Tentang sabar, Imam Ghazali berkata bahwa sabar adalah satu soko guru bagi para salik. Sabar tak hanya di dalam menjalankan ibadah kepada Allah, melainkan dalam menghadapi hinaan umat manusia. Ia berpendapat, sabar atas hinaan manusia adalah kesabaran yang paling tinggi (al-shabr ‘ala adza al-nas min a’la maratib al-shabr). Demikian luas dan tak terbatasnya penerapan sabar, Imam Ghazali mengutip pernyataan Nabi Isa. Ketika ditanya tentang sanksi hukum berupa gigi dibalas gigi, hidung dengan hidung, maka Nabi Isa berkata, “janganlah keburukan dibalas dengan keburukan; ketika pipi kananmu ditampar, maka berikanlah kiki pipimu”. Sufi, demikian Imam Ghazali, harus sabar dalam menghadapi berbagai rintangan dan ujian.

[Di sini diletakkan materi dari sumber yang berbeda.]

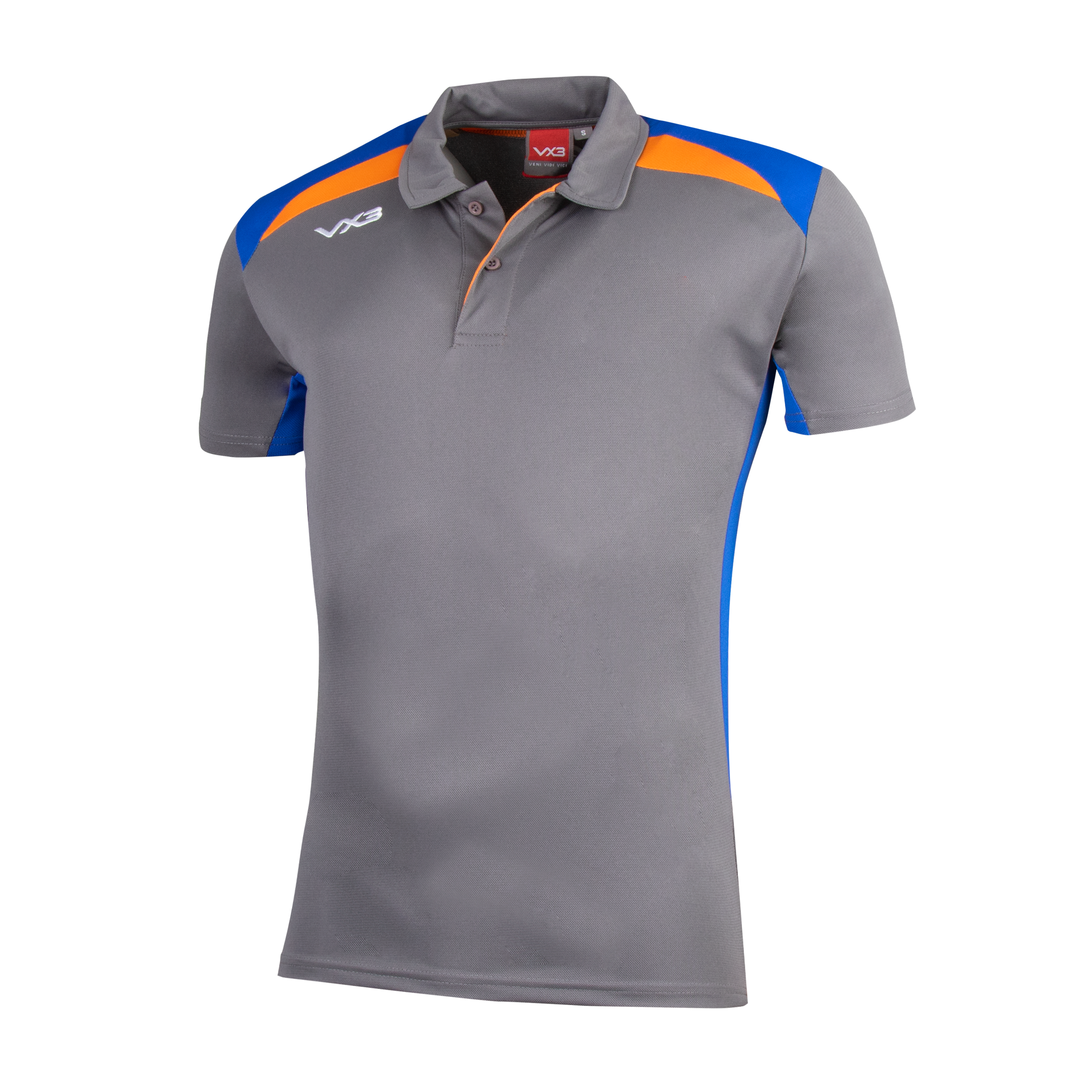 Mens Grey/Royal/Orange Polo Shirt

Sementara zuhud, Imam Ghazali berkata bahwa zuhud adalah meninggalkan perkara-perkara mubah yang dikehendaki hawa nafsu (tarku al-mubahat allati hiya hadhdh al-nafs). Bagi Imam Ghazali, orang yang hanya mencukupkan diri dengan meninggalkan hal-hal yang diharamkan tak disebut sebagai orang zuhud (zahid). Orang zuhud adalah mereka yang di hatinya tak terlintas keindahan dan kenikmatan harta dunia (‘alaiq al-dunya). Untuk mengontrol diri agar tak mencintai kenikmatan dunia, Imam Ghazali pun memilih hidup miskin. Ketika keluar dari Baghdad sebagai rektor, Imam Ghazali meninggalkan harta kekayaannya kecuali yang dibutuhkan untuk kebutuhan pokok buat diri dan keluarganya”. Al-Ghazali pun mengutip celaan al-Muhasibi terhadap orang yang suka hidup mewah dan memuji orang yang hidup sederhana.

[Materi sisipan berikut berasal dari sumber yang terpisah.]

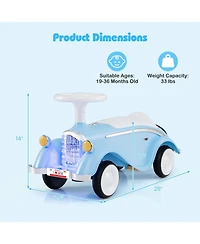 Gymax Kids Ride on Push Car with Steering Wheel Horn and Light Under Seat Storage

Imam Ghazali kemungkinan mengikuti pola hidup Ibrahim ibn Adham yang meninggalkan gemerlap harta dunia dan memilih hidup sederhana sebagai orang miskin. Dikisahkan dalam kitab Ihya’ Ulum al-Din, “seorang laki-laki datang menjumpai Ibrahim ibn Adham dengan membawa sepuluh ribu dirham. Ia menolak pemberian itu. Laki-laki tersebut keberatan dan bertanya kenapa pemberian itu ditolak. Ibrahim berkata kepadanya, “apakah kamu menghendaki agar aku menghapus namaku dari deretan orang-orang fakir dengan pemberian sepuluh ribu dirham tersebut (aturidu an amhuwa ismi min diwan al-fuqara’ bi ‘asyrah alafi dirham)?” “Aku tak akan melakukan itu selamanya”, tandas Ibrahim ibn Adham. Mengutip Ibrahim ibn Adham, Imam Ghazali menegaskan bahwa hati manusia tertutup karena tiga hal; bahagia terhadap apa yang dimiliki (al-farahu bi al-maujud), menderita terhadap apa yang hilang darinya (al-khuznu bi al-mafqud), dan senang terhadap pujian orang lain (al-surur bi al-madhi).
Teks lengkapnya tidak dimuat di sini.